Под впечатлением амфитеатра в Вероне Гете выдвигает любопытную гипотезу о жестикулятивно-двигательном происхождении театрального пространства. "Когда достойное внимания зрелище, - пишет он, происходит на плоской поверхности и все туда сбегаются, то стоящие сзади употребляют все усилия, чтобы подняться над стоящими спереди:
становятся на скамьи, прикатывают бочки, подъезжают в экипажах, накладывают наскоро помосты, занимают соседний пригорок - и в скорости образуется подобие кратера. Если представление повторяется чаще на том же месте, то строят подмостки для тех, которые могут платить а остальная масса справляется как может. Удовлетворить этой потребности здесь и было задачей архитектора. Он искусственно устраивает подобный кратер, по возможности простой, чтобы народ сам составлял его украшение. Увидев себя таким образом, собранным в одно, народ должен был изумляться самому себе. Привыкнув видеть себя прежде только снующим взад и вперед, теснящимся без всякого порядка и дисциплины, этот многоглавый, многоумный, волнующийся туда и сюда, блуждающий зверь вдруг видит себя соединенными в одно благородное целое, слитым воедино, сплоченным в одну массу, как бы одно тело, в котором живет один дух" /19.

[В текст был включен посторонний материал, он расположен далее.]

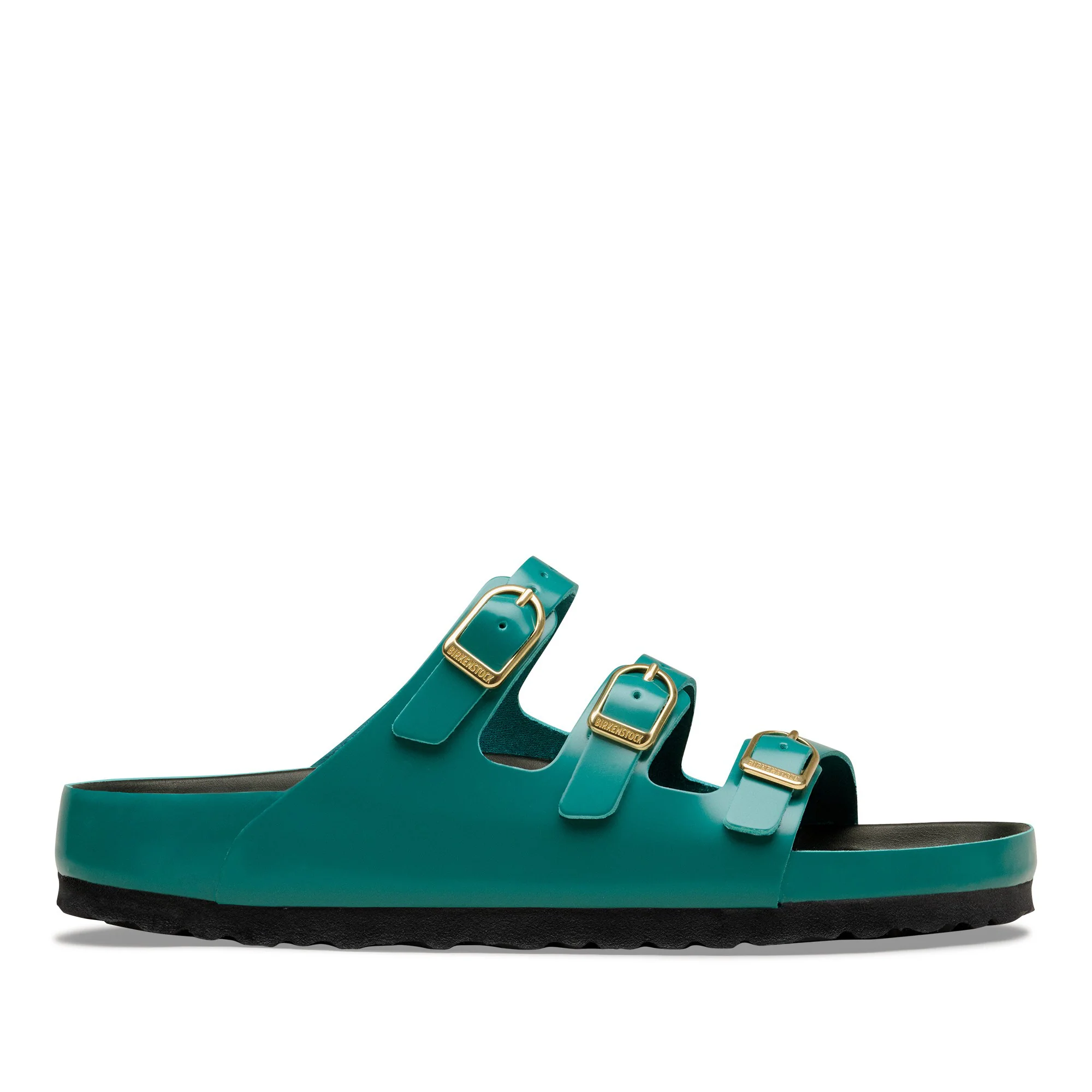 Florida Fresh Natural Leather Patent High-Shine Dark Teal/Black - Image 3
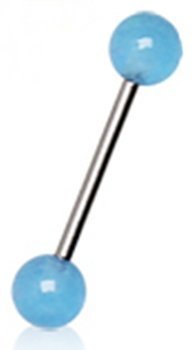 14g Surgical Steel Tongue Ring - Glow in Dark Blue for Nightlife & Parties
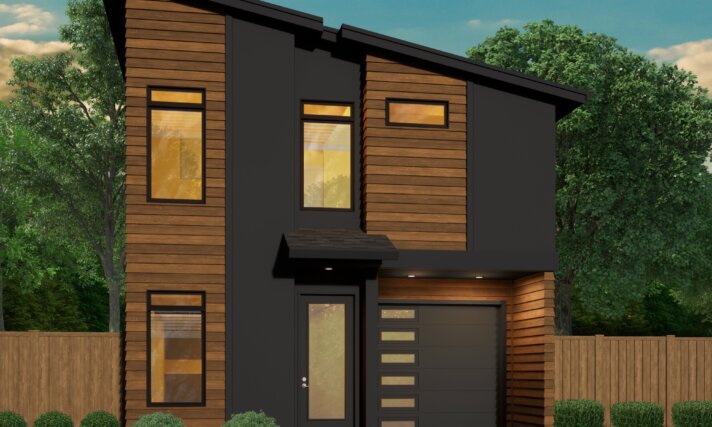 capri - tiny modern two story house plan exterior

С.24/ Когда мускульный жест сливается со сменой оптических картин, когда ритм дыхания и шага становится соразмерным геометрическим членениям зданий и сооружений, когда силы гравитации, ощущаемые в каждом движении, сливаются со светом дня и веянием ветра, тогда возникает особое ощущение архитектурного пространства, в котором выражается и переживается причастность человека мировому целому и космической упорядочности.